Other Revenue Management Tools
* Volume optimization. This control is designed for business environments in which high-volume selling takes precedence over revenue considerations. Volume optimization is accomplished by:
* Removing limits to access and availability.
* Distributing the tee sheet among multiple sales channels, such as a central reservations center, group sales operations, agent/hotel reservation systems, websites, etc.
* Creating multiple packages. This has the effect of expanding inventory, which in turn creates increased demand.
* Facility optimization. This control is designed to maximize sales to those players or groups who tend to spend more overall at the golf facility. This increases income from fees and amenities such as cart rental, food and beverage, and retail merchandise. Facility optimization is accomplished by:
* Business intelligence modules that gather and report customer data generated by the OpenCourse suite of products, including OpenTee, Micros POS,
Internet Marketing, and others. This data is used as a means of targeting those groups and individuals who contribute most to overall property revenue.
* A group event planner. This module collects information that helps to optimize the return on group play. The collected information includes billing, contracts, payment guarantees, and other event-related information.
Financial Impact on Course Operations
* Volume. The ability to control availability has a positive impact on capacity.
Absent a concern for displacing higher-paying rounds, operators can partner with wholesalers and other external entities, thereby tapping into new volumes of demand that would otherwise be unavailable.

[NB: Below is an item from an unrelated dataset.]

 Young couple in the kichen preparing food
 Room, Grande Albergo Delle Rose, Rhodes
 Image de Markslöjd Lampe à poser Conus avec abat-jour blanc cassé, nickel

* Unit Price. Better control of packages, player types, and rate quotas allow operators to manipulate unit price to the best possible advantage based on demand. Combined with low marginal costs, the ability to quickly adjust unit price can have a dramatic effect on incremental revenue.
Studies have shown that the consistent application of yield management can increase turnover by 3 to 7 percent. Low marginal costs in the golf industry mean that most of this turnover translates to similar percentage gains in gross revenue.

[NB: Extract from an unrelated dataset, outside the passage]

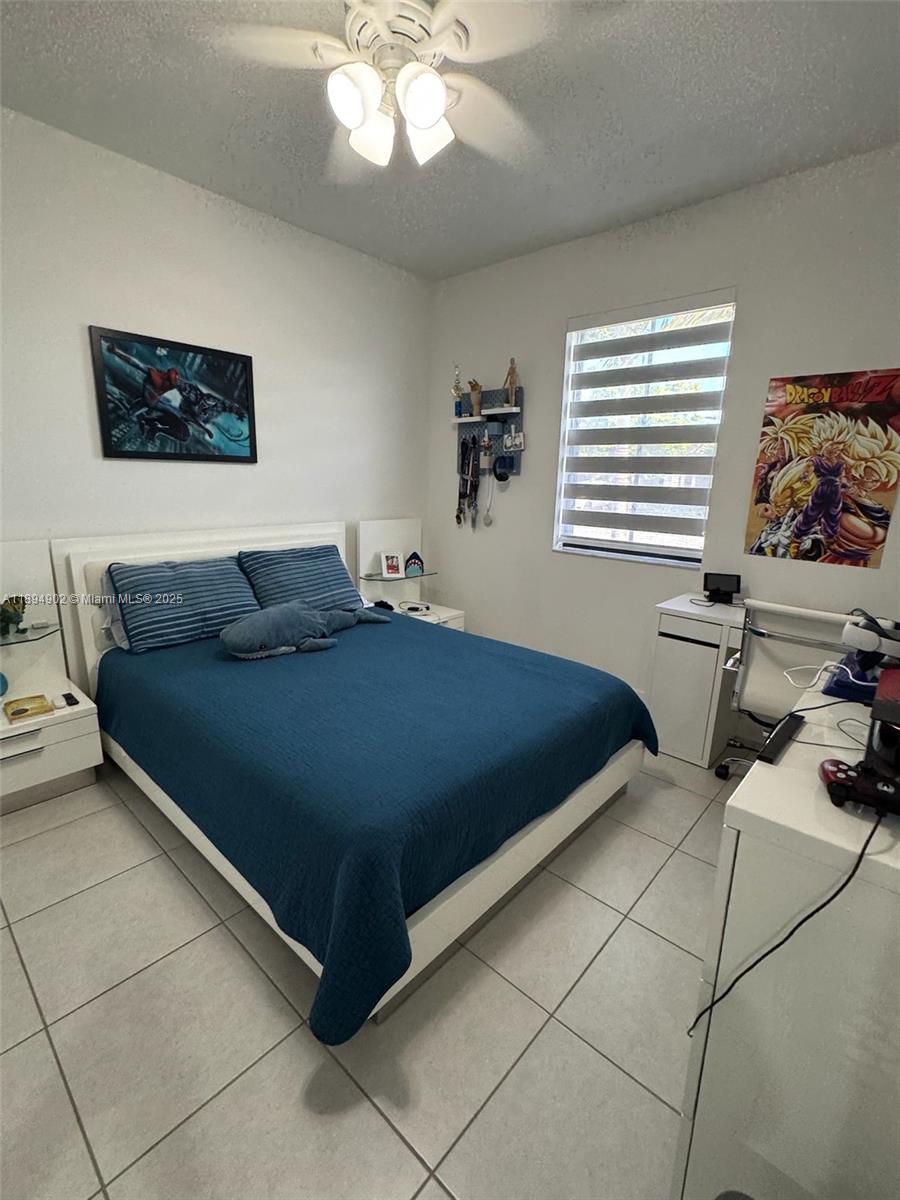 ESTATES AT SILVER PALM - Residential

"We were a vibrant, profitable company from 1981 to 1985, and then we tipped right over into losing $50 millions a month. We were still the same company. What changed was American’s ability to do widespread Yield Management in every one of our markets. We had been profitable from the day we started until American came at us with Ultimate Super Savers.

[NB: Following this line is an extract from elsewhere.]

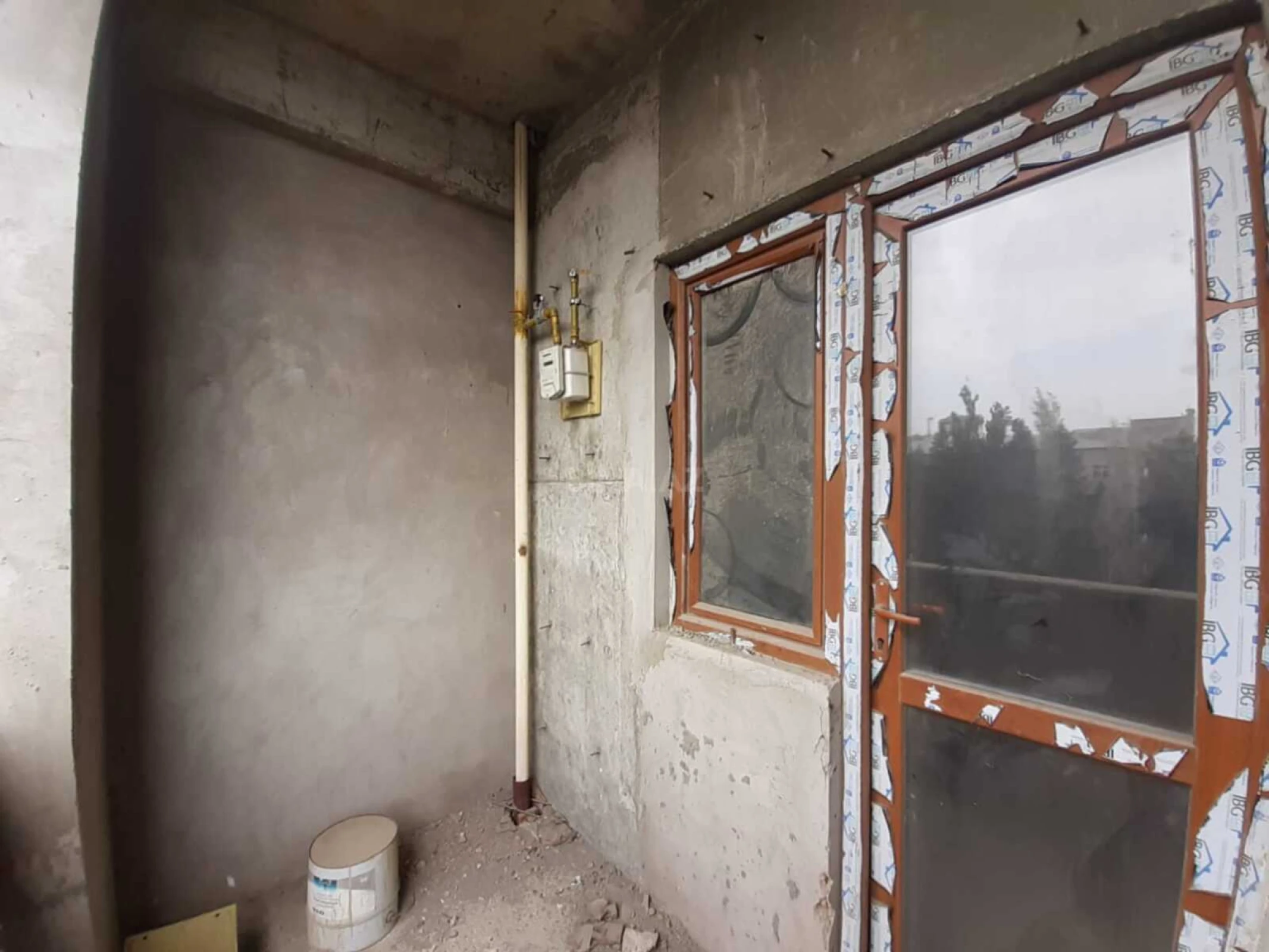 Satılır 1 otaqlı mənzil 70 m²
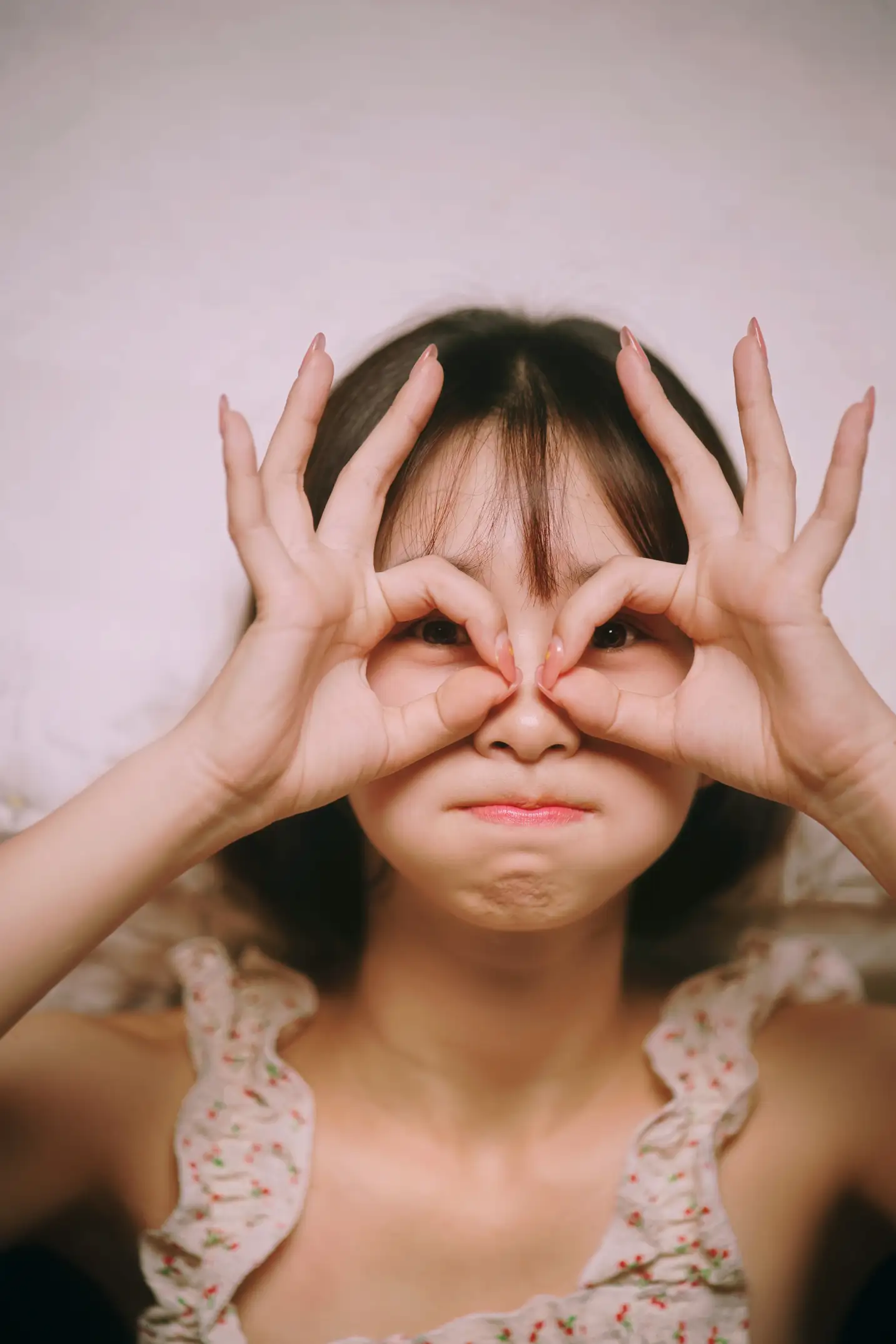 [艺图语] 2022.08.06 Vol.1636 – 疯狂的鱼缸是我的宇航服，我带上心爱的非洲菊去登月 小微#[29P]-8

That was the end of our run because they were able to underprice us at will and surreptitiously. There was nothing left to defend us." 2
Yield Management is a demonstrably critical factor in ensuring the profitability, and sometimes the viability, of any business operating in a highly competitive environment.
Although golf operations are not as complex as airline operations, the two industries share many similarities. Basic yield management rules, derived from the concept of discount allocation and built into an automated tee sheet, can increase profits for a typical golf course. The technology for implementing yield management in the golf industry is now available and affordable. As the trend toward yield management increases in the golf industry, companies that fail to participate could increasingly find themselves at a competitive disadvantage.
1 Talluri & van Ryzin, The Theory and Practice of Revenue Management (Kluwer, 2004). Taken from material found at the Harvard Business School Technology and Operations Management website at http://www.hbs.edu/units/tom/
2 Robert Cross, Revenue Management: Hard-core Tactics for Profit-making and Market Domination (Texere, 1997).